I was going to post asking about the ice cream before. I've heard of freeze dried ice cream on several occasions, there are even places you can buy it here on earth. I have no idea how the process works, but it makes ice cream that does not need to be frozen.

As for the iPods, I'm sure that's a technicality. They are a bit paranoid about safety up there since you can't just dial 911 in an emergency and get help on the way in 9 minutes. They probably remove the batteries and then attach them to the external packs you can buy around here, that take four AA batteries.

It's also very likely they have an alternate adapter to jack into the ISS's grid to power it, a bit like a cigarette lighter jack but something smaller I'm sure. The batteries are probably only needed when they are inconveniently away from an outlet, or say out on a space walk.

I bet they have even more stringent requirements though for what you can take on your person when on a space walk. It would not surprise me if ipods are barred. And for some of those 8 and 11 hour marathon walks we hear about from time to time, that's gotta be a bummer.

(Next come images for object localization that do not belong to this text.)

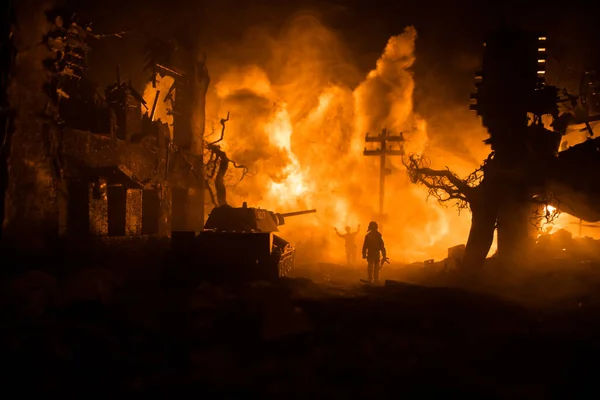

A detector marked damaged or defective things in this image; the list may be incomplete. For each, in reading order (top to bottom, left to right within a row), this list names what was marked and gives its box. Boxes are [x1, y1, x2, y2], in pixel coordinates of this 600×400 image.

damaged concrete wall [4, 0, 59, 250]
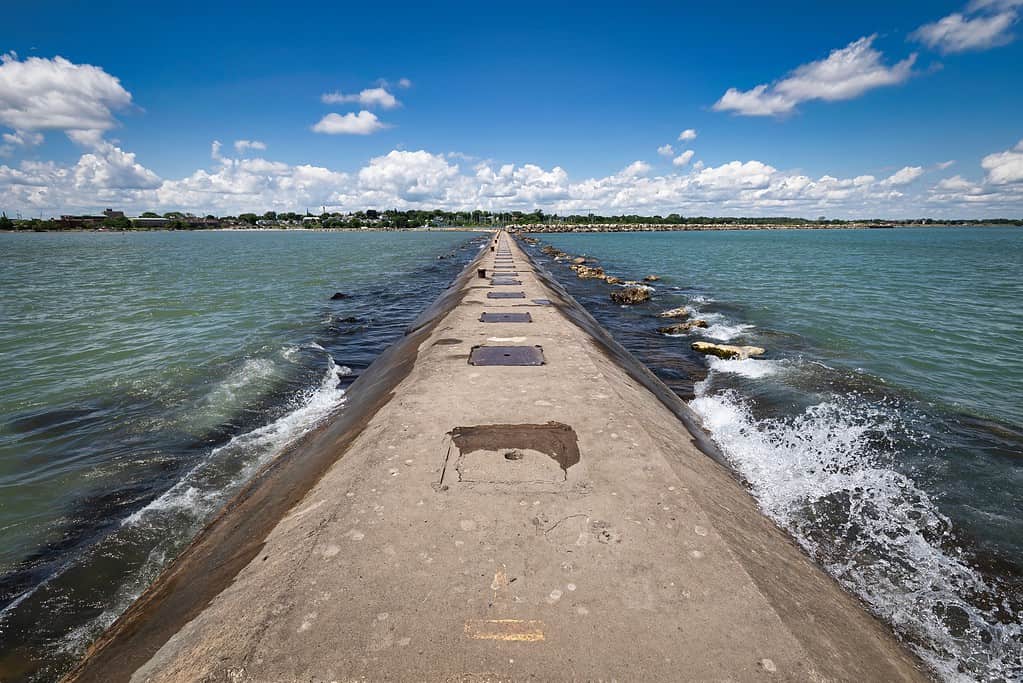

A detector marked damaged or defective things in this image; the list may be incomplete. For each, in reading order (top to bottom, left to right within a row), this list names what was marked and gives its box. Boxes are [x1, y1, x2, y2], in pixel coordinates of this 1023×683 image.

rusted metal plate [470, 344, 544, 366]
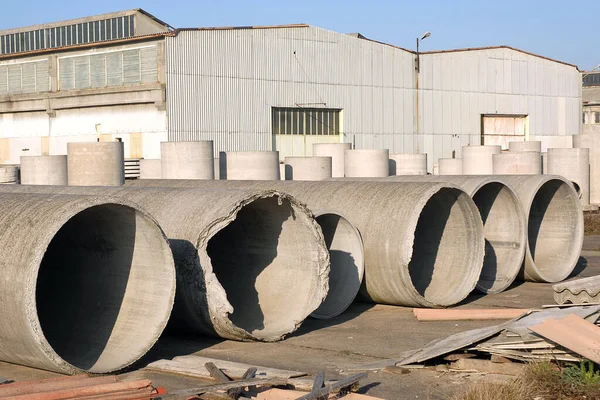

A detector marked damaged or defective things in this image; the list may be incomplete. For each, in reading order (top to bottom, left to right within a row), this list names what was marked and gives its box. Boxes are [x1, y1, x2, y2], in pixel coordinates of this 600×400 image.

broken concrete pipe [0, 194, 176, 376]
broken concrete pipe [0, 184, 328, 340]
broken concrete pipe [127, 180, 488, 308]
broken concrete pipe [312, 209, 364, 318]
broken concrete pipe [384, 177, 524, 292]
broken concrete pipe [492, 176, 580, 284]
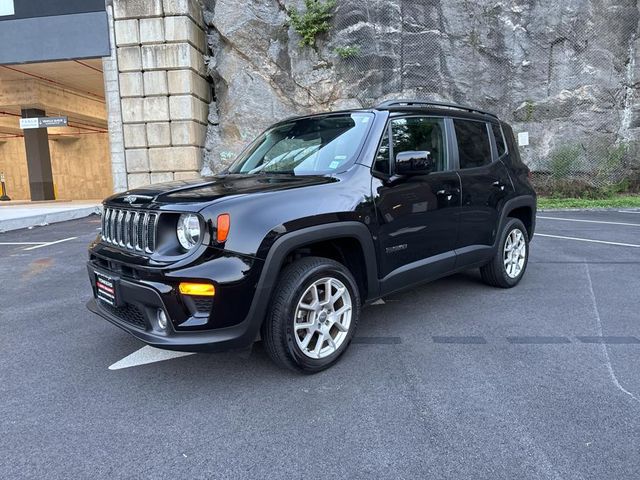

I'm surprised this article gave so few details though - I've heard offhand of numerous other issues I was expecting to read about in this article. It had all of what, five interesting factoids? Lets hear about

- toilets
- showers
- drinking liquids
- anything to reduce weight on liftoff, like hair cutting
- I wonder if there's an "in case of emergency" bean-o pack on board? heh... y'know, one recirculating air system and all...
- the sorrid details of a long space walk. how do you drink? anything for food in 8-11 hr walks? yes, you get to wear a diaper and WILL be using it, etc
- stories of what happens when an astronaut gets sick - flu etc. I recall someone on Appolo getting appendicitis in mission.
- do astronauts sign an agreement not to have sex while up there? or how was that addressed? you know they had something to say about it.
- personal limitations? we saw max height mentioned, but is there a minimum? how about weight? (of course!) are implants ok? glasses barred am guessing? are contacts ok? medical history? I assume the same rules of being a pilot apply, plus more, as far as medical are concerned. Minimum strength requirements?
- what is their contingency plan for if an astronaut dies while up there? (aneurism, accident, whatever) Again you KNOW they have an action plan for this because they HAVE TO. Do they keep body bag(s) on board or just gonna wrap the body in a lot of duct tape?
- cross training? I have to assume all astronauts have at least basic knowledge of 100% of the critical systems?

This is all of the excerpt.